The top Tory said revised texts of the agreement would be available “by around 8am”, and that formal plenary meetings would extend into the afternoon.
At a “stock take” meeting on Friday, led by Sharma, there were calls from developing nations for swifter action to deliver finance to help them cut emissions, adapt and deal with loss and damage caused by global warming.
Elsewhere, others were disappointed that language on phasing out fossil fuels and eliminating subsidies had been diluted.
A key part of the text initially read that countries would commit to the “phasing out of coal and fossil fuel subsidies” in the first draft released on Wednesday.
But on Friday, the revised draft called upon Parties to “accelerate the development, deployment and dissemination of technologies,and the adoption of policies, to transition towards low-emission energy systems, including by rapidly scaling up clean power generation and accelerating the phasing-out of unabated coal power and of inefficient subsidies for fossil fuels”.
Lorna Slater, co-leader of the Scottish Greens, said she was “devastated” by the second draft being watered down in regards to fossil fuels.
And, earlier in the day, First Minister Nicola Sturgeon (pictured below) said the deal is “slightly better” but it “still has a way to go”.
During the informal stock take, countries were given a final platform to set out their issues with the second draft of the Glasgow agreement, and to suggest solutions to sticking points.
Climate Envoy John Kerry signalled the US’s support for the current text of the agreement, despite the watered-down wording on phasing out fossil fuels and subsidies.
However, he was emphatic that it must not be diluted further or removed from the final draft completely and described spending money on fossil fuel subsidies as “insanity”.
Kerry said: “We are struggling each year to find money, but 2.5 trillion dollars in the last five or six years went into subsidies for fossil fuel. That’s the definition of insanity.
“We’re allowing it to feed the very problem we’re here to try to cure. It doesn’t make sense.”
He added: “To avoid the worst consequences of the climate crisis, we have to act now so, on mitigation, we believe very deeply – based on Paris, based on all the prior COPs – that it’s imperative that on mitigation, the text be preserved.
“We cannot get weaker, it can’t go backwards from here. It includes critical references to 1.5 because of the science.”
US Climate Envoy Kerry urged countries to go further
China expressed disappointment about a lack of detail on how to achieve the $100bn climate finance pledge for poorer nations.
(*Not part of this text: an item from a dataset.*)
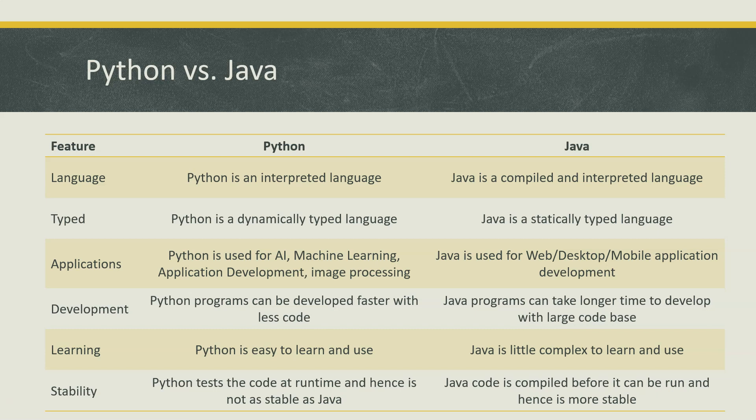Coming to stability: in this case Java trumps over Python because Java code is compiled before it can be run, hence it is considered more stable. But Python, at the same time, as we are directly running your code, it is not as stable because you have not compiled the code. So you don't know what is wrong in your code. It will only test the code at runtime, so it is a little bit less stable than Java.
The country’s COP26 representative said: “We think the draft that came out this morning had some improvements compared to the previous one and provided a good basis for our further discussions.
“But we still think the current text should further strengthen the parts on adaptation finance, technical capacities and building.
“China is willing to support the UK residency in agreeing on an outcome that is science-based but also rules-based, that has balanced elements of mitigation, adaptation and finance and has appropriate wording.”
Russia seemingly signalled no major concerns with the cover agreement, and urged other countries not to “drag down” the negotiations and said the talks must show “specific tangible results” to meet the goals of the Paris Agreement.
The Russian envoy said: “We need to show a clear signal on the further steps we are intending to undertake jointly to further climate agenda.”
But he called for further detail on the mechanism to set up carbon trading between countries – a key element of the Paris Agreement that successive COPs have failed to deliver upon.
Protestors outside the gates of COP26 sending a message to those inside
A representative from Peru, speaking on behalf of the Independent Alliance of Latin America and the Caribbean, called for wording on ending the use of fossil fuels to be strengthened.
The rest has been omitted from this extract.